(Firstly I want to say, if you ever need any advice just drop me a message because I will be happy to help - just know that I want to help you understand how you feel and what you want; not necessarily just tell you how you should feel and what you should do!)
I may just be turning 20, but I am already aware that I’m becoming a wise young woman. We all go through difficult staged of life, however unlike a lot of the people, I have gone through a lot of very difficult situations in my life which are not always common and I’ve faced some excruciating situations that I would never wish to inflict on anyone. Ever.
I, some may say, have been blessed to learn such lessons early on. Which is true - I’ve been able to learn new things every time I was tested and I do not regret that.

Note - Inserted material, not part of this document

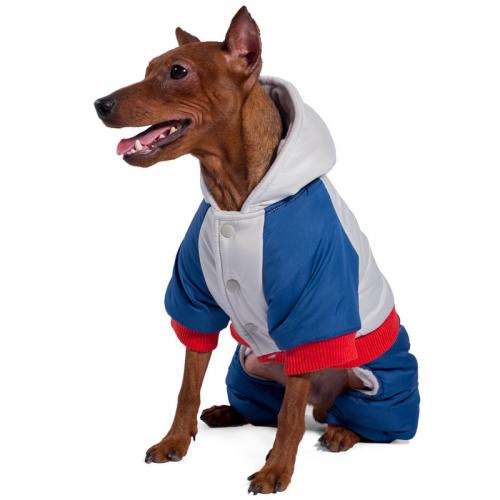 Базовый свитер для собак малых пород: полезные советы по выбору и уходу 10 Базовый свитер для собак малых пород: полезные советы по выбору и уходу 10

I have seen and done many things that some people could never imagine and it’s been hard, but I have learnt more in these past 20 years than some have in a life time. I have years of experience and some valuable knowledge, however don’t get me wrong, I know I am not perfect and I do not know everything by any means. I am also not saying I am better than anyone because of the things I have gone through, merely that I understand some things differently to others. This is not for sympathy - this is just to explain something…
So when people ask me for advice, which happens almost daily now a days, I am sometimes reluctant to help…
- This is NOT because I want to keep information to myself and be conceited.
- This is NOT because I wish to watch others falter and get hurt like I have done. I don’t wish it upon anyone to be in pain
- And it most certainly is NOT because I want to feel as though I am better than those who ask for help and be selfish
I have wisdom in areas of life that a lot of people will not necessarily understand, which I do share with those who ask for help, but I don’t always share it.
Why is that? Well…
What would it benefit people if I told them what to do every time they run into trouble? How would me giving them advice encourage them to use their own beautiful minds to explore their own thoughts and feelings…? If I helped them all the time how would they grow?
I don’t mean to seem horrible in any way, but I know I wouldn’t be where I am now if I’d never been forced to go through those situations alone with nothing but my own knowledge and drive.
I am all for sharing what wisdom I do have, but I would never want to cause someone else to deny what they believe in their heart if it means they miss out on a life lesson. I understand more than most how important it is to fall down; because that’s when you learn how to get back up again.